Material supplied:
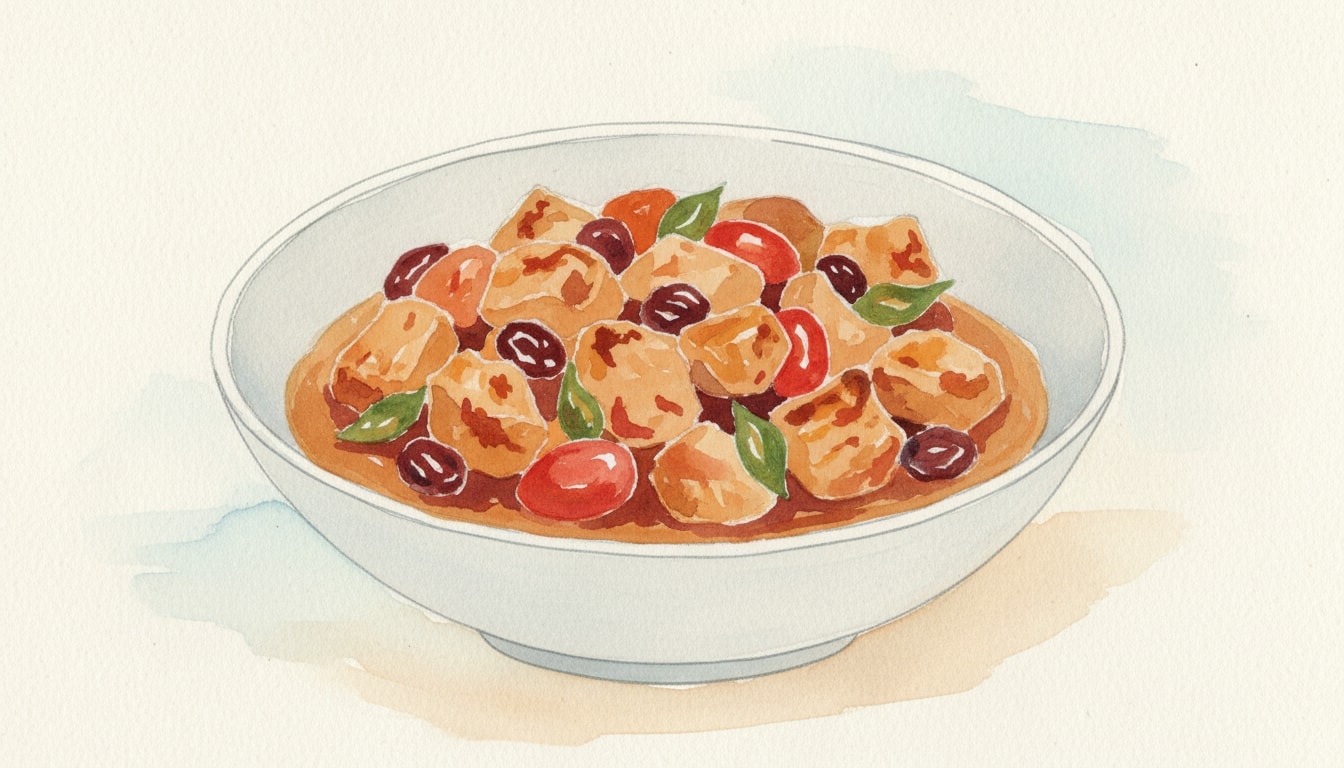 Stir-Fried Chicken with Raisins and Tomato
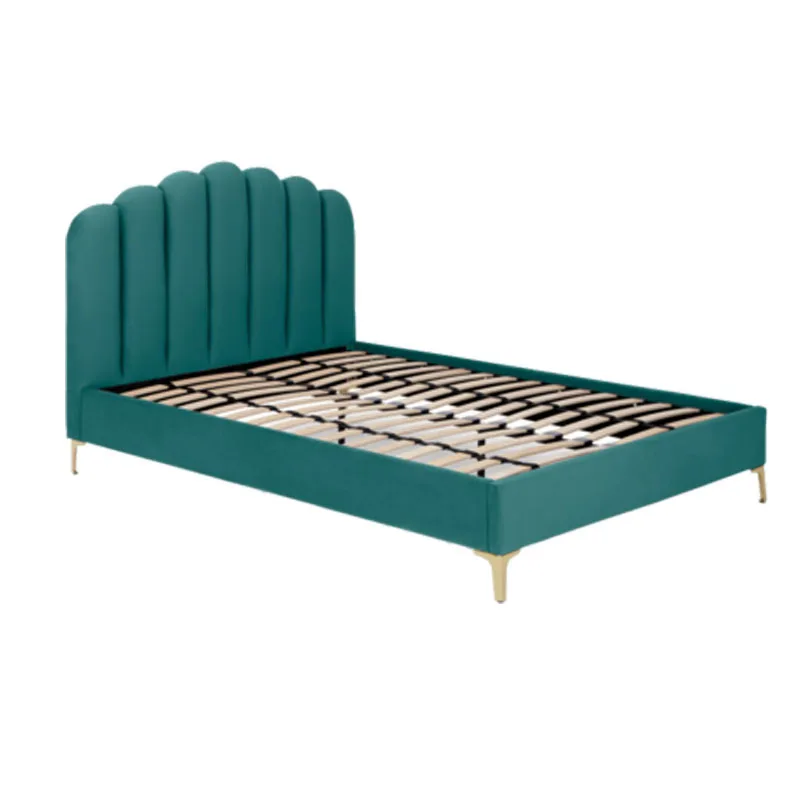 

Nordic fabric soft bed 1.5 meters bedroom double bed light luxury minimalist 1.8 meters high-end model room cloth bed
--
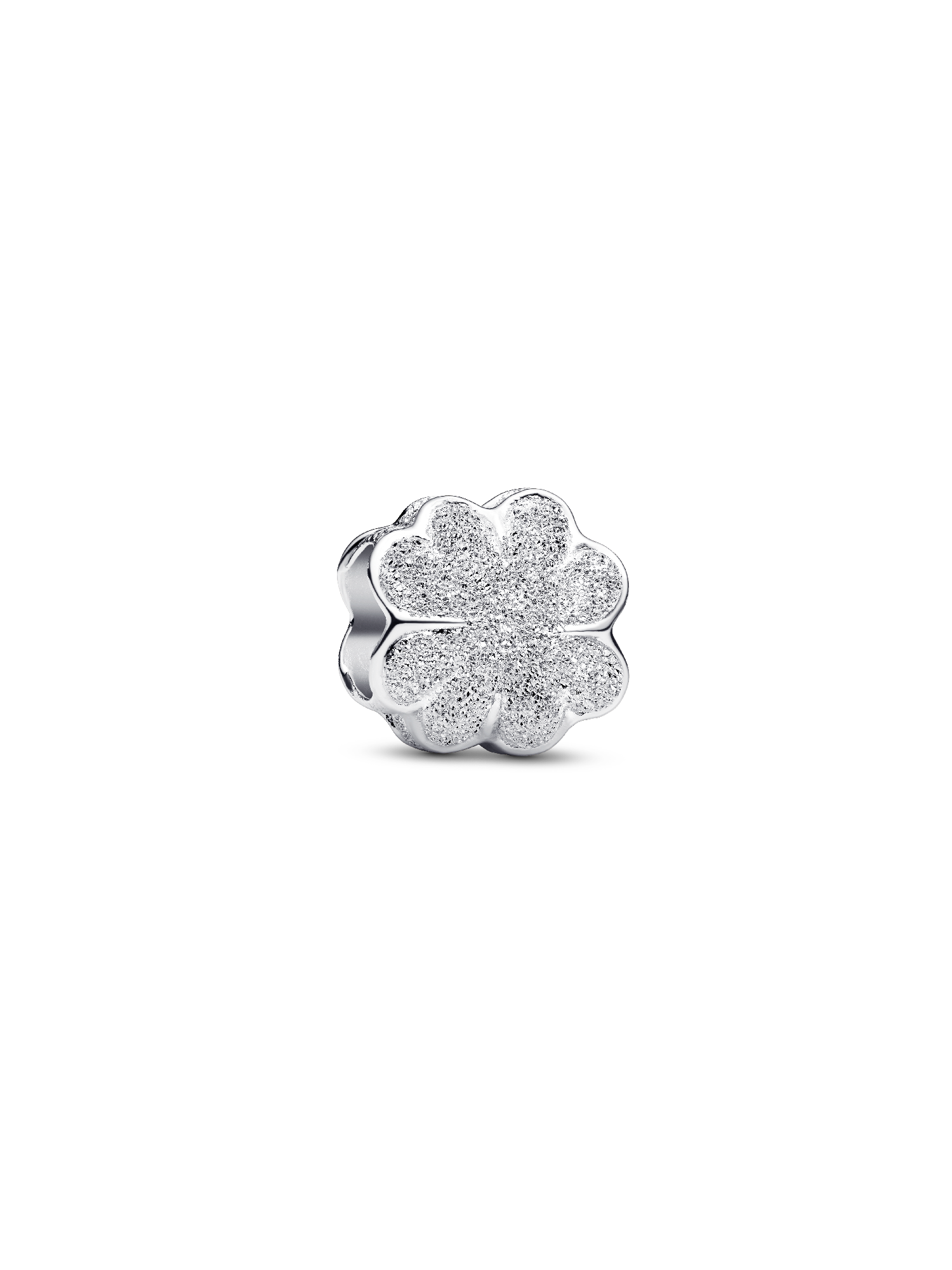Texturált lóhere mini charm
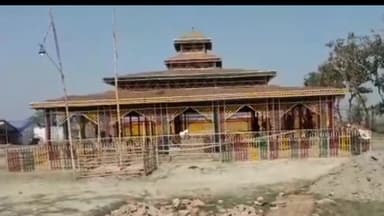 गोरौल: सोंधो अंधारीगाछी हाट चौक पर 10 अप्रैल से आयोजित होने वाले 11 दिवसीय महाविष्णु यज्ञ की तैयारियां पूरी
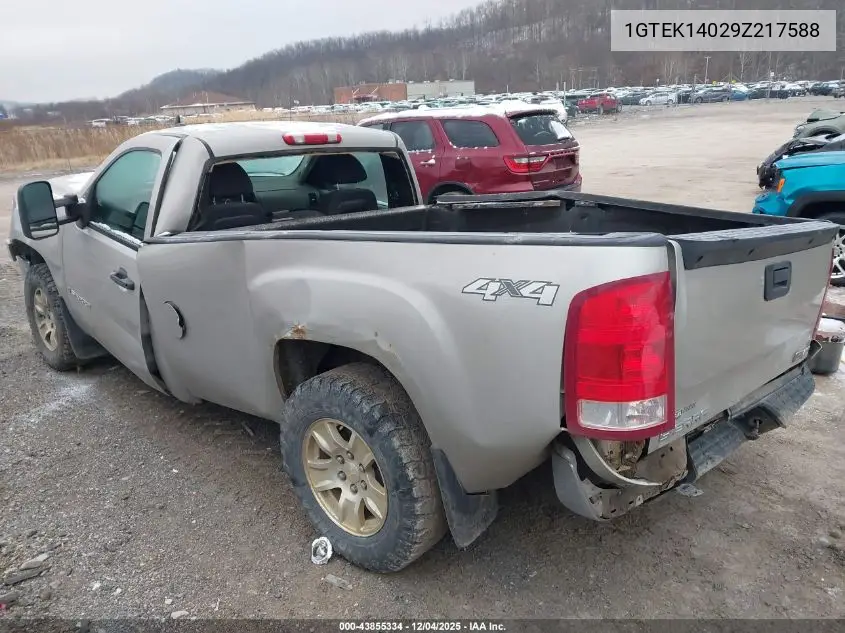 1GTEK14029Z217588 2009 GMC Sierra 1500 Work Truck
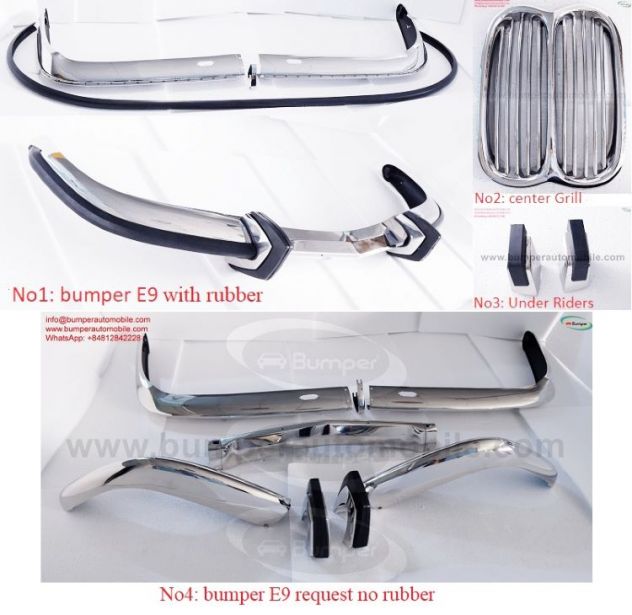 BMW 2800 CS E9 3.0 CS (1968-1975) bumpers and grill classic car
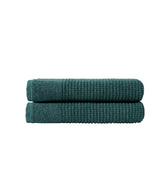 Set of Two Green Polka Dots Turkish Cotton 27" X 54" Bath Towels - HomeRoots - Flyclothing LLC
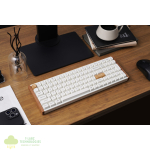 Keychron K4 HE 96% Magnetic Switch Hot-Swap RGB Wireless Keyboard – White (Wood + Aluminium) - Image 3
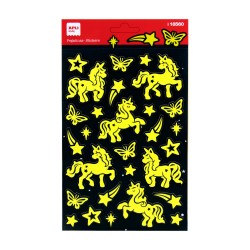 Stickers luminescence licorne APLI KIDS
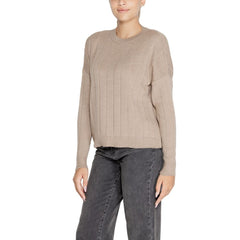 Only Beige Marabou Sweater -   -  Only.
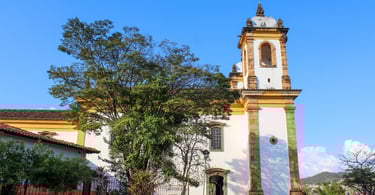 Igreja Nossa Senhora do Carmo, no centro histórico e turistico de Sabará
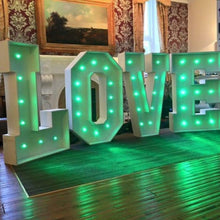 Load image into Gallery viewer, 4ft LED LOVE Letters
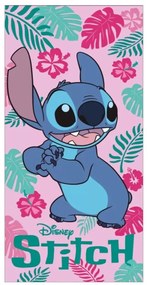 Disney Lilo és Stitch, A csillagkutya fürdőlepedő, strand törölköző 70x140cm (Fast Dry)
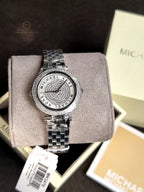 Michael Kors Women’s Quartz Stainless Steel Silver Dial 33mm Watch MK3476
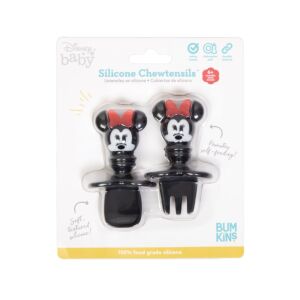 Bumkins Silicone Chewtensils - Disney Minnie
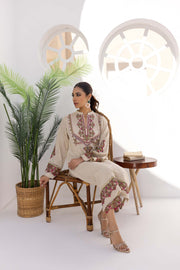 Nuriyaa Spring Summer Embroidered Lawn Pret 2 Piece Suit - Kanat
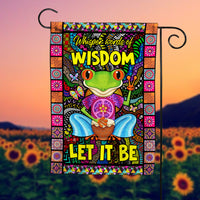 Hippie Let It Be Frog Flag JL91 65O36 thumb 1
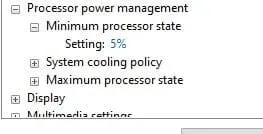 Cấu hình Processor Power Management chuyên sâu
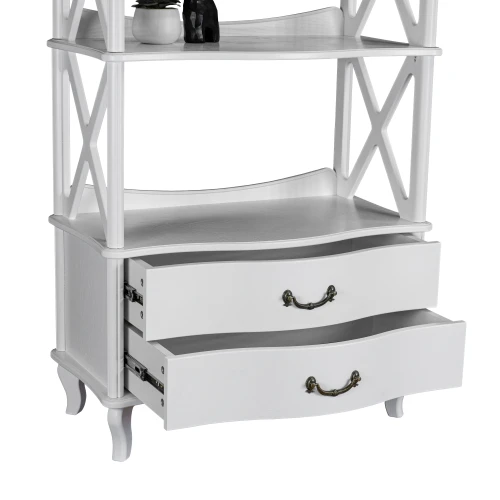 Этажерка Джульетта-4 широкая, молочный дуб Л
* * *
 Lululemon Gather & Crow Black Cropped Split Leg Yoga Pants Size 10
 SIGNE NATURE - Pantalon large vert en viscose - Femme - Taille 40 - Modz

Required work: Starting with the line that contains "Stir-Fried Chicken with Raisins and Tomato" and finishing with the line that contains "Nordic fabric soft", reproduce every line of the material above exactly, but not the pictures.

Output:
 Stir-Fried Chicken with Raisins and Tomato

Nordic fabric soft bed 1.5 meters bedroom double bed light luxury minimalist 1.8 meters high-end model room cloth bed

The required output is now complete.